The compounds below were used in Comparative Examples 1 to 3.

Evaluation Example

HOMO/LUMO energy levels (eV), a maximum emission wavelength (nm), a spin-orbit coupling (SOC), and a triplet metal-to-ligand charge transfer (MLCT) ratio (%) of the compounds in Table 1 were evaluated using a DFT method of a Gaussian program structure-optimized at a B3LYP/6-31G(d,p) level.

The evaluation results are shown in Table 2.

Referring to Table 2, a short-wavelength effect was induced as a depth of the HOMO energy level increased in the organometallic compounds according to embodiments of the disclosure. SOC and MLCT properties were also enhanced in the organometallic compounds according to embodiments.

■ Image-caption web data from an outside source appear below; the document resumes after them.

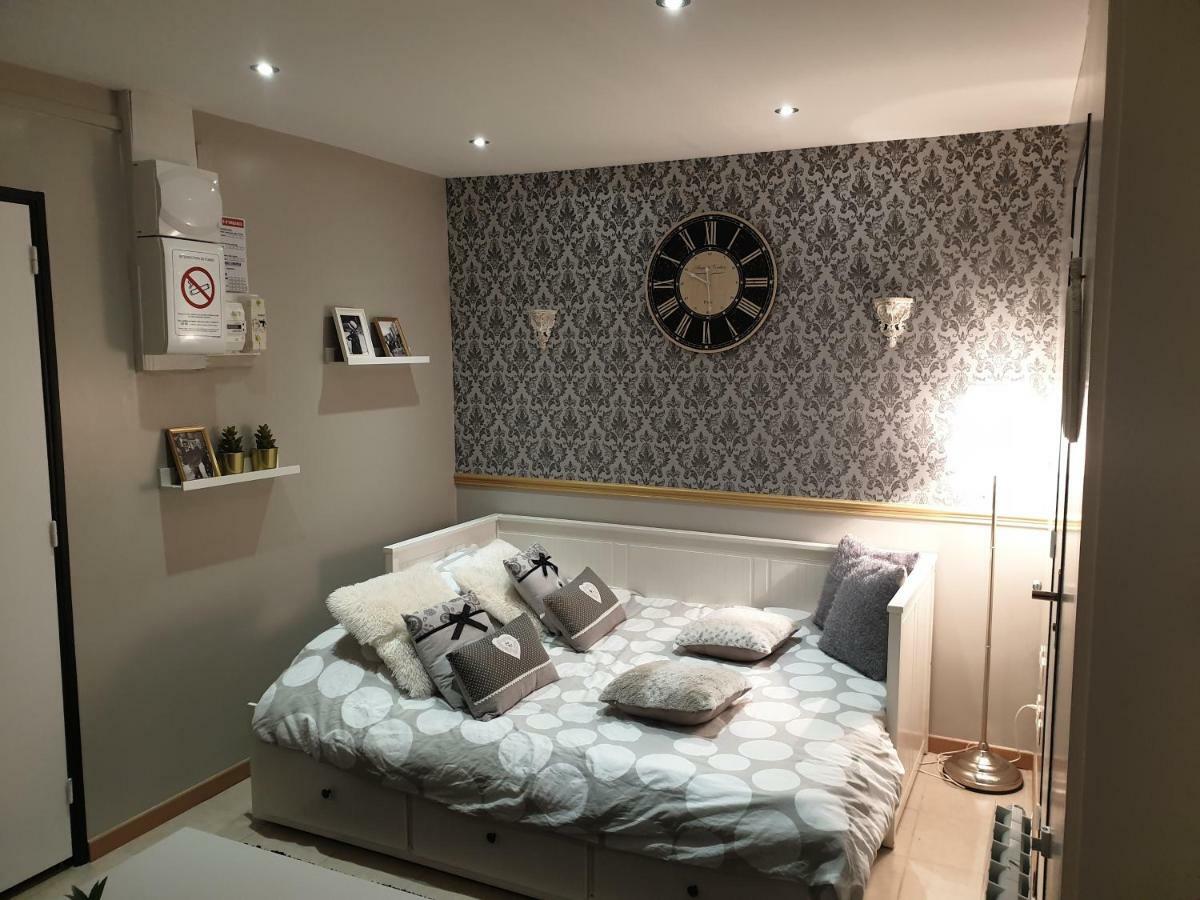 Appartement Medicis Avec Garage Honfleur Eksteriør billede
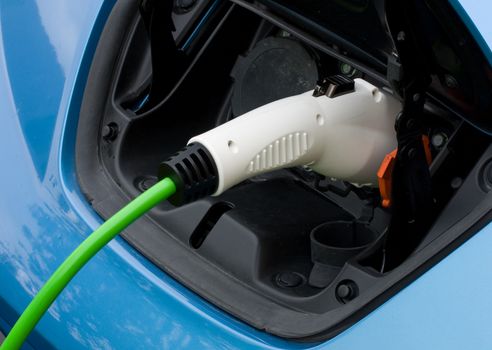 Charging an electric car using type 1 plug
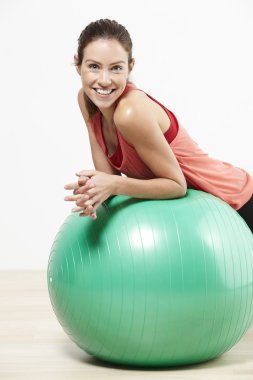 pilates topu kullanan kadın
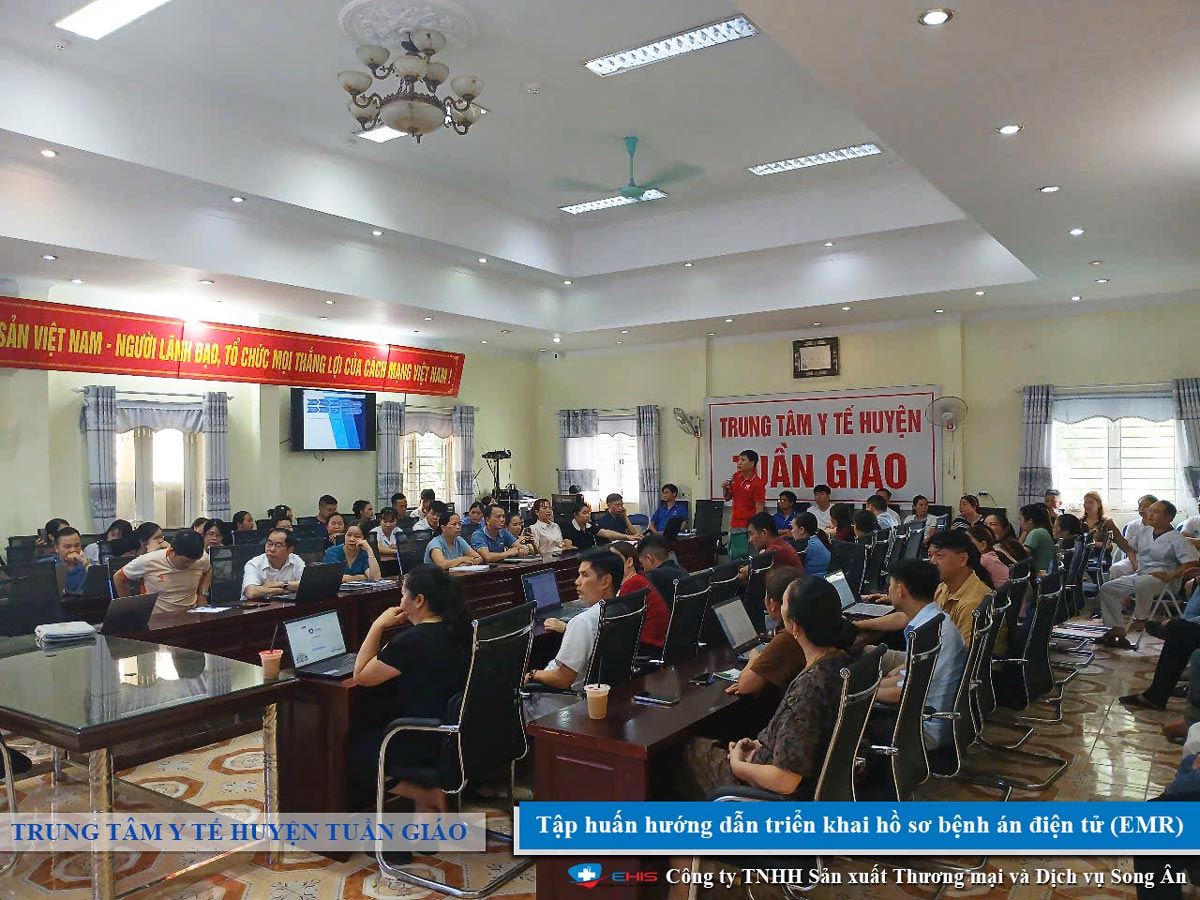 Toàn cảnh buổi tập huấn hướng dẫn sử dụng bệnh án điện tử E-EMR tại TTYT Tuần Giáo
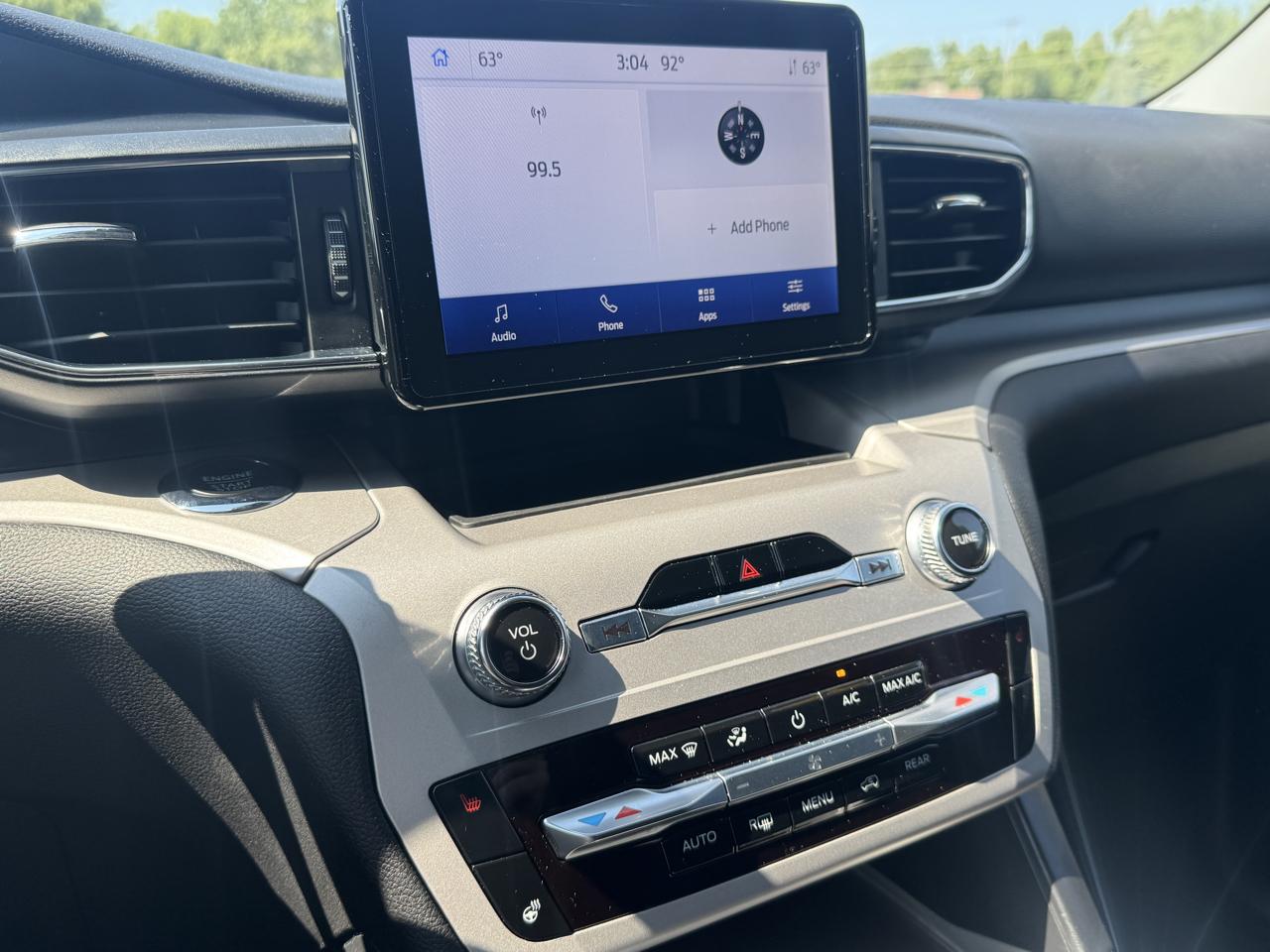 Ford Explorer XLT AWD 2024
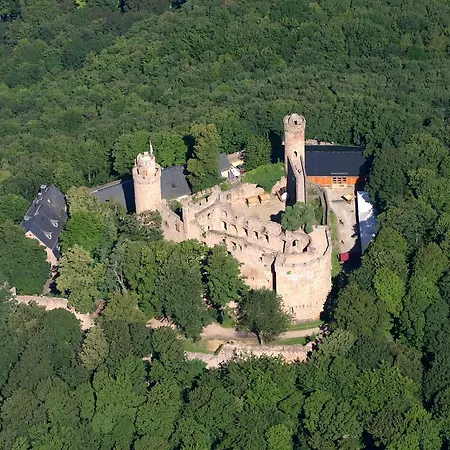 Schloss Auerbach Kleine Apartment Bensheim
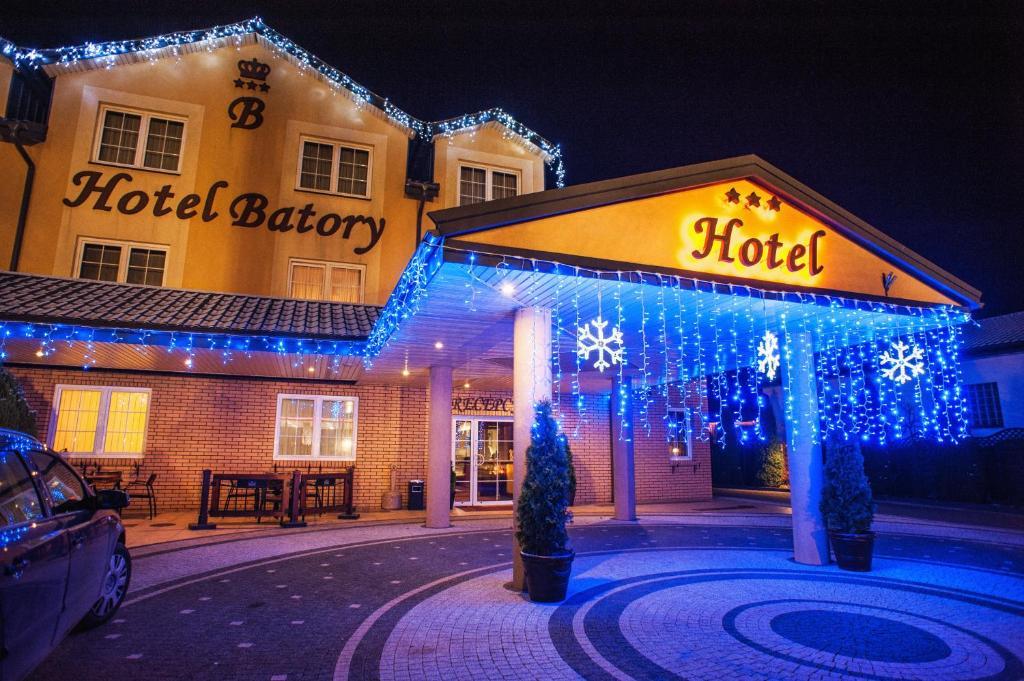 Hotel Batory Tłuszcz Exterior foto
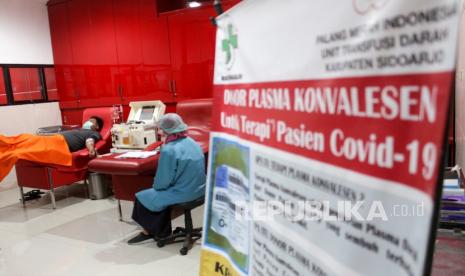 Pasien sembuh COVID-19 mendonorkan plasma darahnya di Unit Tranfusi Darah (UTD) PMI Sidoarjo, Jawa Timur, Senin (9/11/2020). Stok plasma konvalesen atau plasma darah dari pasien yang sembuh COVID-19 yang bertujuan untuk membantu penyembuhan dan terapi pasien terkonfirmasi COVID-19 semakin menipis karena PMI kesulitan mencari pendonor.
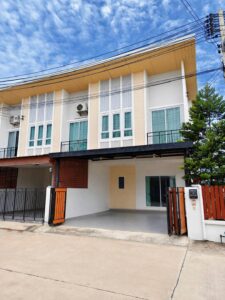 ขายทาวน์โฮมหลังริม The Mix Grand หนองขาม ศรีราชา ที่ดินใหญ่ มีพื้นที่ข้างบ้าน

Embodiments have been disclosed herein, and although terms are employed, they are used and are to be interpreted in a generic and descriptive sense only and not for the purposes of limitation. In some instances, as would be apparent to one of ordinary skill in the art, features, characteristics, and/or elements described in connection with an embodiment may be used singly or in combination with features, characteristics, and/or elements described in connection with other embodiments unless otherwise specifically indicated. Accordingly, it will be understood by those of ordinary skill in the art that various changes in form and details may be made without departing from the spirit and scope of the disclosure as set forth in the claims.